Sir OzzieCheese suggested we do a Raffine challenge in which I make Raffine and on the other side of the globe he makes it. Today was my cheese day so a I brought up the Raffine recipe from NE Cheesemaking.
https://cheesemaking.com/products/raffine-cheese-making-recipeI was first interested in this cheese because the picture on the NECheesmaking site make it look so darn pretty. It looks like a delicious dessert, though I am sure it wont taste like one.. and I suspect my version will not be as beautiful but I digress.
My ingredients:
2 gallons Natural by Nature Whole Milk. This milk is flash pasteurized.
1/4 tsp MA 4002 culture
1/32 tsp GEO13 GC. Recipe called for GEO17, but I dont have that.
1/64 tsp B Linens
3/4 tsp Single Strength Rennet
1/2 tsp CaCl2
1) Put milk in warm water bath and heated milk to 90F.
2) Added CaCl2 in 1/4 cup distilled water, mixed well.
3) Sprinkled on 1/4tsp MA4002 & 1/32 tsp GEO13. (I forgot BLines!). Let sit 3minutes to rehydrate
4) Mixed well. Temp=92 so removed from bath
5) set for 60min.
20min in when thinking of the delicious pink color.. I realized I forgot the BLinens! 6) Added 1/64 tsp BLinens, let hydrate and mixed in.
7) Allowed to sit 40minutres (total time 60minutes)
80 Add 3/4tsp rennet in 1/4 cup distilled water. Mixed for 30seconds, T=87F
9) at 5minutes, I had flocculation. Not knowing what the multiplier was to be, I cut curds after 25minutes.
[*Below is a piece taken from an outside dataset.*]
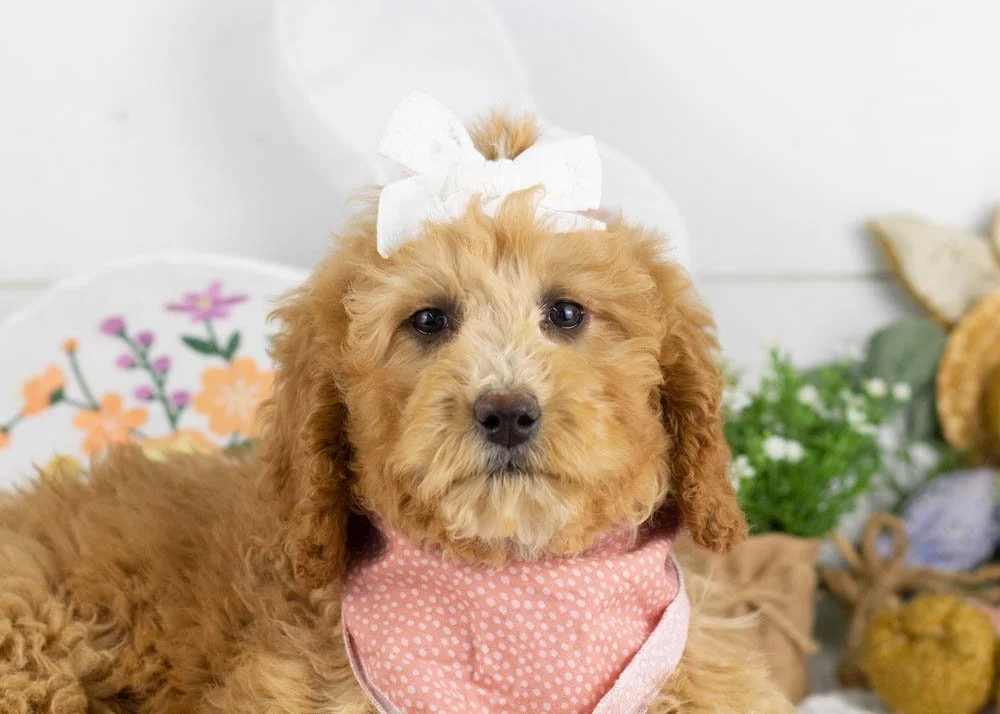 lucille goldendoodle for sale(1).jpg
10) Made one set of vertical cuts space 2" apart.
11) waited 3minutes
12) Made second set of vertical cuts perpendicular to first set and spaced 2" apart.
13) waited 5minutes
14) tried horizontal cuts. I can never get this right. I tried using the cheese ladle but I didn't like that. I Tried using a long knife, but didn't like that either. I may need to invest (or make) a cheeseharp.
15) Let rest 15minutes. Ladled off collected whey. Recipe says to not stir but gently separate curds. I tried but I don't think I was successful, curds still broke up anyway.
16) repeated this every 15minutes for 2 hours.
17) Ladled curds into my cheese mold. I didn't;t have the right molds so I used one regular basket mold, One small hard cheese mold, one homemade cheese mold (plastic ice cream container with holes in it). I chose these because they are roughly the same dimensions as the molds mentioned in the recipe. (The hard cheese mold has no bottom)
18). Sprinkled 1/2 tsp cheese salt on each cheese.
19). Allowed to sit until they shrank about 1/2 way. (~2.5 hours)
20) Cheeses were flipped and 1/2 tsp salt sprinkled on top again.
21) ~5 1/2 hours later the cheeses were removed from the molds and placed on bamboo mats. The are still very wet but can hold their shape.